Last summer, though, I found myself able to confront my fears after three seemingly unconnected things happened. On a whim, I picked up two tart pans at a neighborhood tag sale for $1.50. Then I attended a reception for American chefs at the U.S. Department of State and found a 9-inch pie dish tucked into my party bag. Three weeks later, I was “volunteered” as refreshments chairman for my Sunday men’s group. I looked at those 30 hungry guys, and one printable word came to mind.
Pie.
That next weekend I started making pies: Two pies usually, every weekend for three months.
I took step-by-step snaps of each pie with my smartphone and posted the photos on Instagram, Facebook and Twitter. I didn’t do this for ego. It was a disguised call for help. I reasoned if I started doing something wrong, someone would step forward amid the snickers and offer assistance.
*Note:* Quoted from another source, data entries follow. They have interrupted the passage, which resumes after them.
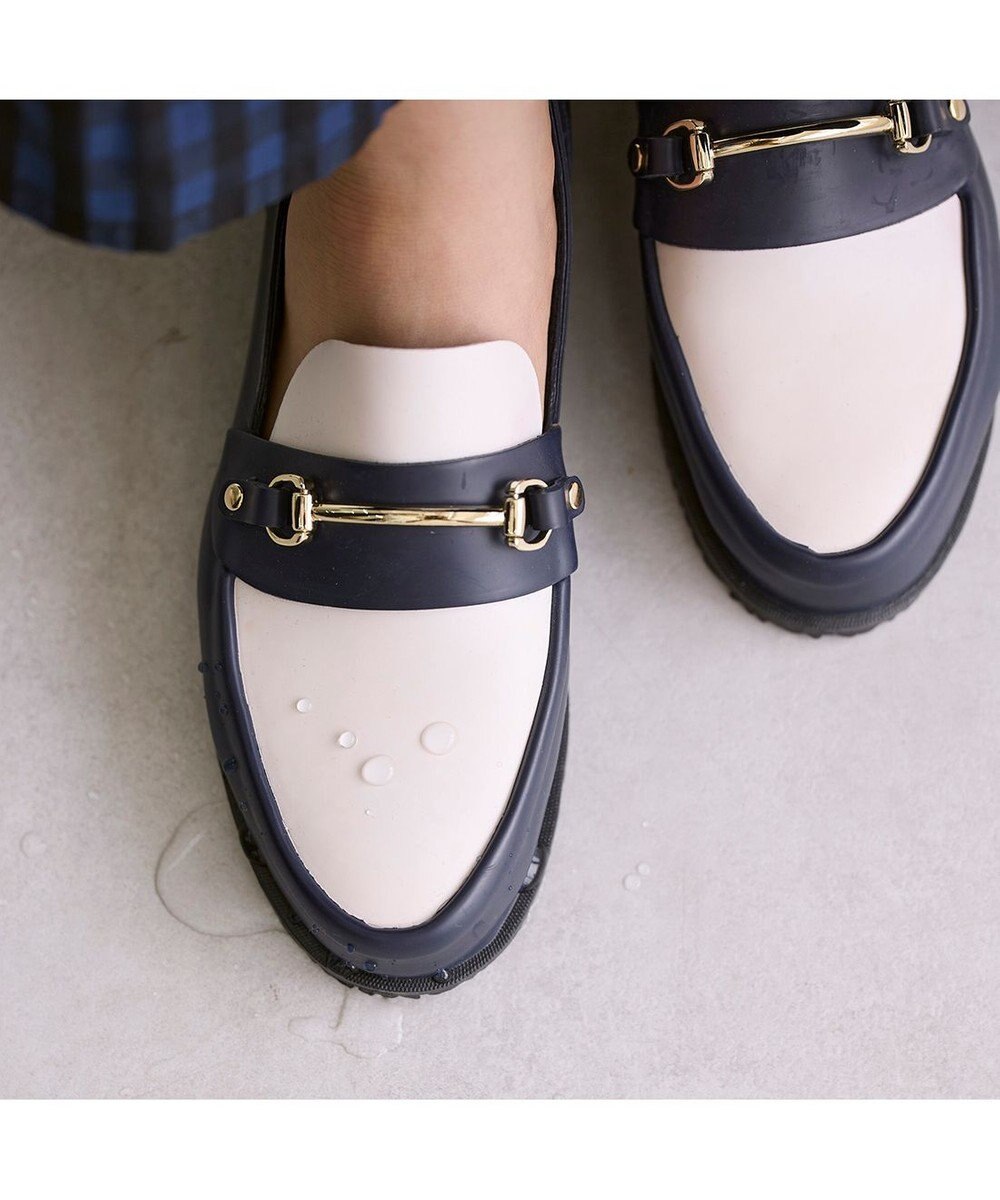 MODE ET JACOMO <carino>【レイン対応】ビットローファー 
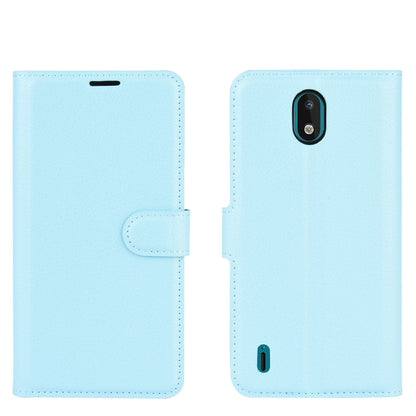 Nokia 1.3 Pu Wallet Case [Lightblue]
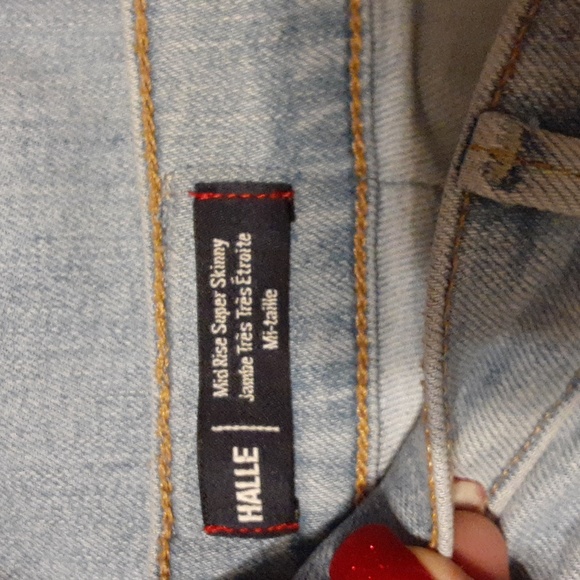 2 pair of true religion Jean's sz 24 - Picture 3 of 9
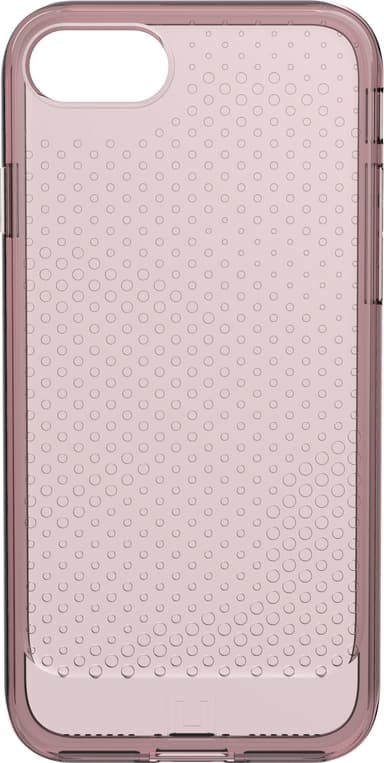 UAG U Lucent iPhone SE Gen. 2/8/7/6 suojakuori (roosa)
And that happened. One of the best tips came from chef Matthias Merges of Yusho restaurant in Chicago, who suggested I chill the food processor work bowl along with the steel blade before cutting the flour and butter together. Nancie McDermott, the North Carolina cake and pie cookbook pro, cheered me on with spirited praise, even when one of my pies burst into flames under the broiler.
Others were, well, less helpful. Some of my favorite lines: “Why aren’t you using lard?” “I’m getting pie overload here … can we move on to Christmas cookies?” “It just never works out like Martha Stewart’s pie crust.”
I’m sure many people were bored by it all, but I did learn to make a pie crust. That repetition, week in and week out, with the memory of the prior week’s pie still fresh, made it progressively easier for me to make a dough, turn it into crust and fill it to make pie. Not a great pie, not a pretty pie, not a professional pie, but my pie. Mine. It is what it is. And I humbly accept.
For my fear is conquered; I’m living happily the life of pie.